We’re very excited to be offering a couple of yoga classes for cyclists on Thursdays 6-7pm and Saturdays 10-11am in our Bruntsfield shop led by our resident qualified yoga instructor, Kirsty! It’s only £10 a class and you’ll learn some routines that can really help you loosen off those tight hamstrings and hips, and help strengthen your core. Spaces are limited to 10 people per class, so be sure to hurry. Here’s a little info from Kirsty herself:
Book yoga class here
“Hi, my name is Kirsty and I’ve been working at the Edinburgh Bicycle Cooperative since August 2016. I’m a very keen mountain biker, snowboarder and also enjoy running.
I am a qualified yoga instructor and have been practicing Yoga for the last 8 years. The style of Yoga I mainly teach is Yin Yoga which is a slow-paced style of yoga with postures, or Asanas, that are held for longer periods of time – for beginners, it may range from 45 seconds to two minutes; more advanced practitioners may stay in one asana for five minutes or more.

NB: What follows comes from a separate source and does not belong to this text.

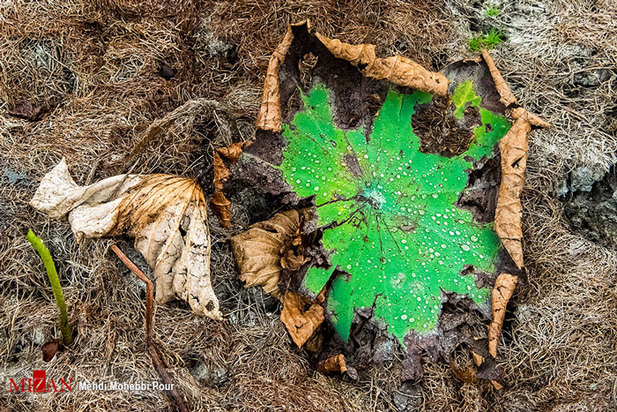 خشکسالی در کمین مازندران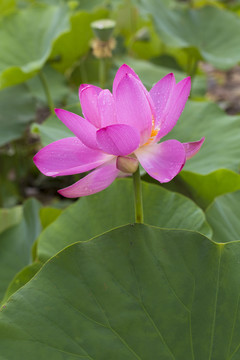 睡蓮 荷花 蓮花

Yin is the feminine principle. Yin yoga was developed to penetrate deep into connective tissue, or fascia, expanding flexibility and aiding healing.
Yang is the masculine principle. Yang yoga is the more traditional Hatha or Ashtanga based asana practice that develops muscular strength, stamina, and flexibility.
I’ve designed a Yin Yang Flow style class around the muscle groups used in cycling, to help aid performance on the bike and aimed to ease ligaments, tendons and joints pre and post cycle.
The benefits of enhanced flexibility on the bike provided by regular Yoga practice are numerous. Flexibility is believed to improve performance, reduce risk of injury, improve transport of blood and nutrients to muscles, and reduce muscle soreness. Athletes are encouraged to stretch after training and competition. A structured Yoga practice, I believe, is more interesting, motivating and effective than a simple, “quick” stretch. Yoga also contributes so much more to our physical and emotional health.
Controlled breathing (Pranayama) is central to Yoga practice, facilitating the mind body connection. As we move through poses, we inhale deeply to breath length into our spine and fully exhale as we stretch deeper into the pose.
This conscious practice of deep, diaphragmatic breathing is critical to cycling performance.”